Bell lokaliseert de wortels van veel van deze problemen in de cultureel-radicale jaren zestig, die, in de drang om alles wat traditioneel is, te ontkrachten, 'iets duidelijk eigen heeft toegevoegd: een zorg met geweld en wreedheid; een preoccupatie met het seksueel perverse; een verlangen om lawaai te maken; een anti-cognitieve en anti-intellectuele stemming; een poging om voor eens en altijd de grens tussen 'kunst' en 'leven' te wissen; en een fusie van kunst en politiek. (Bell, 1976: 121)

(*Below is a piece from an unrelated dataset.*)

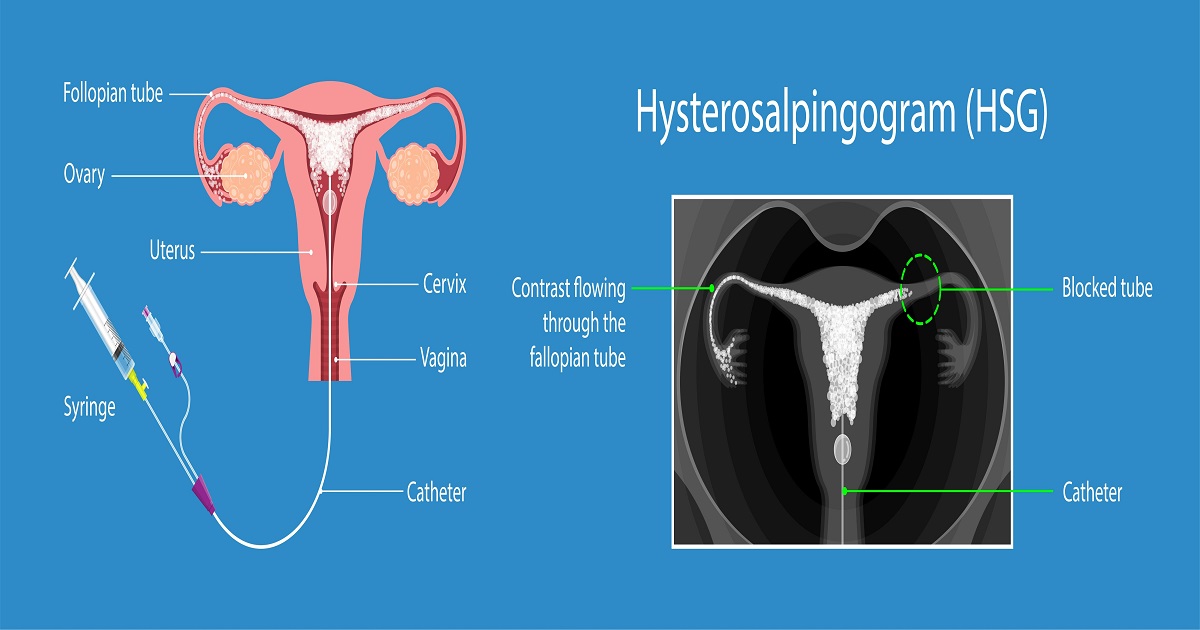 HSG Test- Procedure, Advantages and Side effects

Bell's scriptie bevat veel conservatieve elementen, maar hij ontwikkelt op interessante wijze ideeën die heel dicht bij de postmoderne ideeën van de jaren negentig liggen. Bell (1976: 102) bespreekt het 'gebrek aan centrum, geografische of spirituele' om een ​​centraal punt voor autoriteit te bieden. Zulke noties als het gedecenteerde zelf, populair in de postmoderne theorie, zijn deels terug te voeren op Bell's observaties over het vervagen van het onderscheid tussen realiteit en beeld, of, zoals Bell het stelt, tussen 'kunst en politiek'.

In tegenstelling tot veel postmodernisten zijn Bell echter eerder bedreigend dan bevrijdend voor Bell. Zijn voorgestelde oplossing is om bewust grenzen te stellen aan de ontwrichtende impact van de moderniteit en om 'terug te keren naar het heilige' waar de maatschappij weer kan worden gegrondvest op de stevige basis van gedeeld geloof.